I don’t blame the school. The choices and priorities of my education were mine and my parents’. As I said, I was very fortunate in my education, and I do what I do professionally because of it. In fact, for those selected to its music stream, my school was a recognised centre of excellence for music education. It still is, although now in a far more inclusive way, and for the better. But therein lies my point.

Music education must not be only for those already with the background or the early talent or the pre-existing motivation to access it. 

Music education must be for all, because music itself is for all. 

Just like language and literature, which are at the compulsory core of the curriculum, music is the expression of culture and is pervasive to our daily experience. It surrounds us on the airwaves of radio, television and streaming in all the glory and diversity of its genres. 

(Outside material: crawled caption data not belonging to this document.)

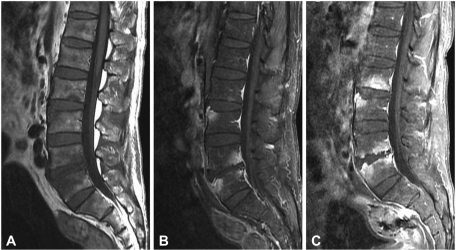 Lumbar spine MRI of the patient. Sagittal T1-weighted ( | Open-i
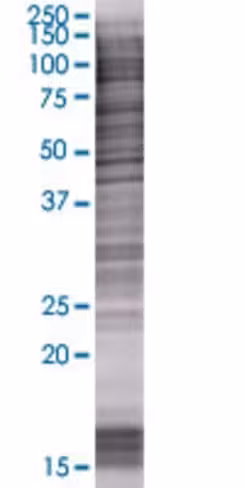 Ovca2 293t cell transient overexpre ssion lysate (denatured) 100 µl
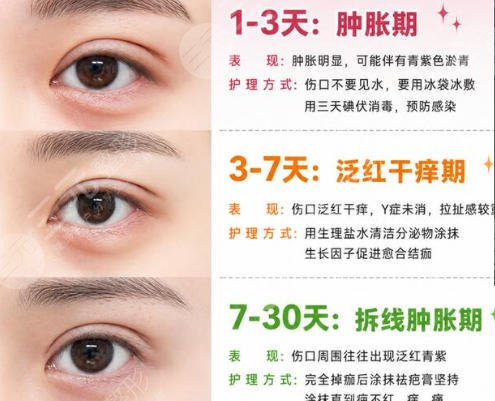双眼皮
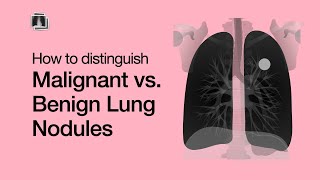 Distinguish Malignant vs Benign Lung Nodules [upl. by Nolly324]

It influences our thoughts and moods and choices. We exercise, drive, shop, eat and celebrate with music. It’s intrinsic to our wellbeing, our social interaction, our spiritual and sensual experience, and to our religious, national and cultural rites. 

Most people listen to more music than they read literature; yet, even as an English teacher, I wonder why we make education in the latter mandatory while we leave the former much to choice and chance.

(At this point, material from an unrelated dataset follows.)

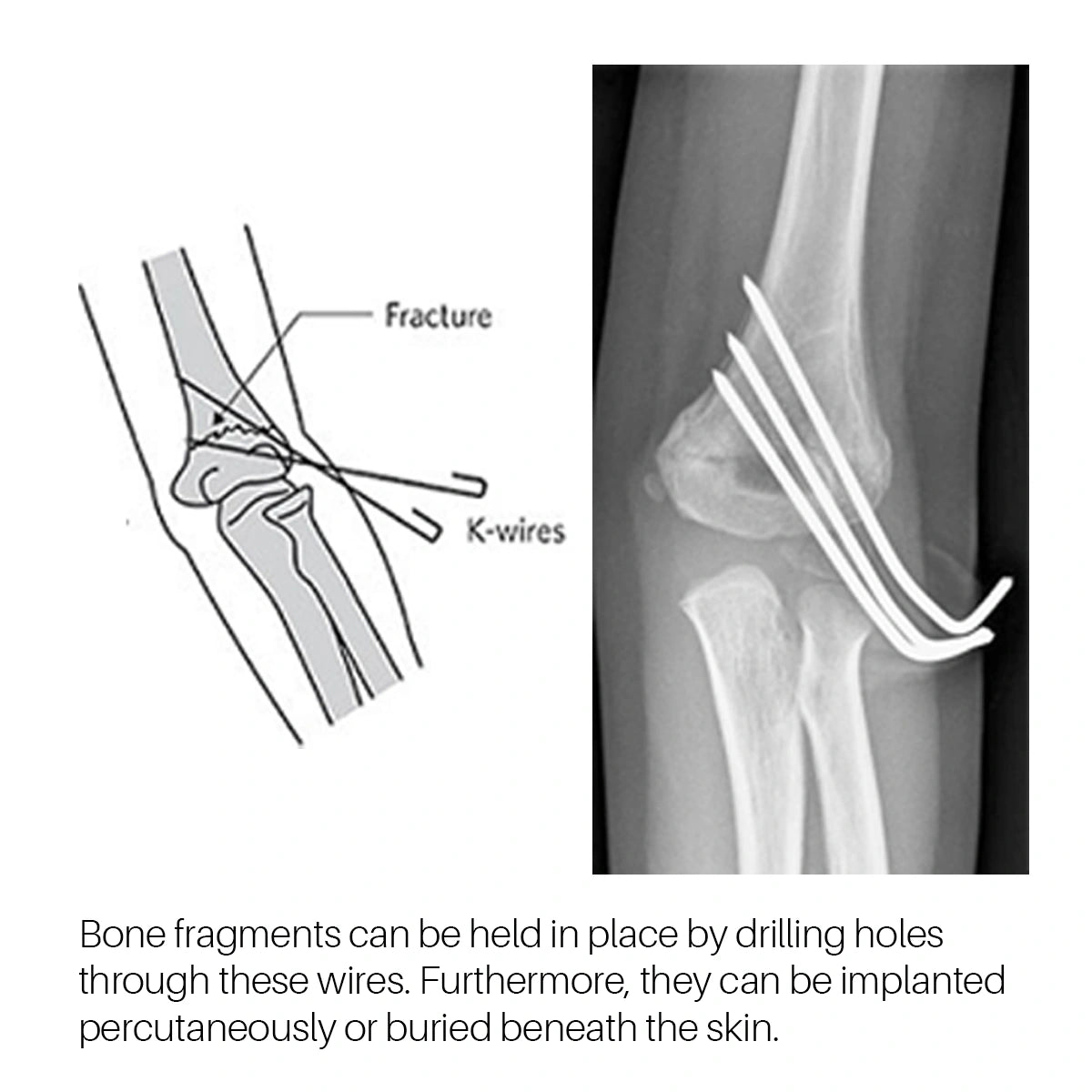 Veterinary Orthopedic Surgical Bone Instrument Stainless Steel Single Head Kirschner Wire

More than that, though, we know well, both instinctively and through academic study over decades, the powerful positive effect of music on education itself. Learning music has a significant impact on auditory processing that is vital to early language acquisition and reading development. 

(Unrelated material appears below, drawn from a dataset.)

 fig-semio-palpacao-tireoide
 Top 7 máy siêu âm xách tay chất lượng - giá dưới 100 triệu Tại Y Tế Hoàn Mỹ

The same applies to the cognitive capacity acquired in learning music for the structuring, sequencing and pattern discernment that are essential to mathematics, scientific reasoning, analysis and argument. 

Likewise, the disciplining of concentration and memory that comes from learning music has obvious benefits for all subjects. Music education also nurtures emotional comprehension, sympathy and self-regulation, all of which have profound behavioural advantages for learning, as do the social and collaborative skills developed in the experience of rehearsing and performing in ensemble. 

Of course, there is also music’s profound positive effect on emotional and physiological wellbeing, which is all the more important in a time when educators everywhere are grappling with the means of addressing student anxiety and mental health.

Yet, crowded out by the content-heavy demands of the Australian Curriculum, music for most Australian school students is often relegated, along with the other arts, to the offcuts of the timetable – a lesson here and there each fortnight – or to a carousel of subjects sampled for a term in early high school in the hope of informing course choices for the upper years. 

Even the International Baccalaureate Diploma Programme, an otherwise outstanding educational programme that is premised on the value of a fully-rounded education, allows the creative and performing arts to be the only domain of learning dropped in favour of extra learning in the other fields.

The excuse is that music can be co-curricular, which is true and is an opportunity for tremendous learning and enjoyment. But, once again, that leaves music education to those with the background or the talent or the pre-existing motivation to find the time for it between sport and other activities, homework and friends, after school employment and the demands of domestic life.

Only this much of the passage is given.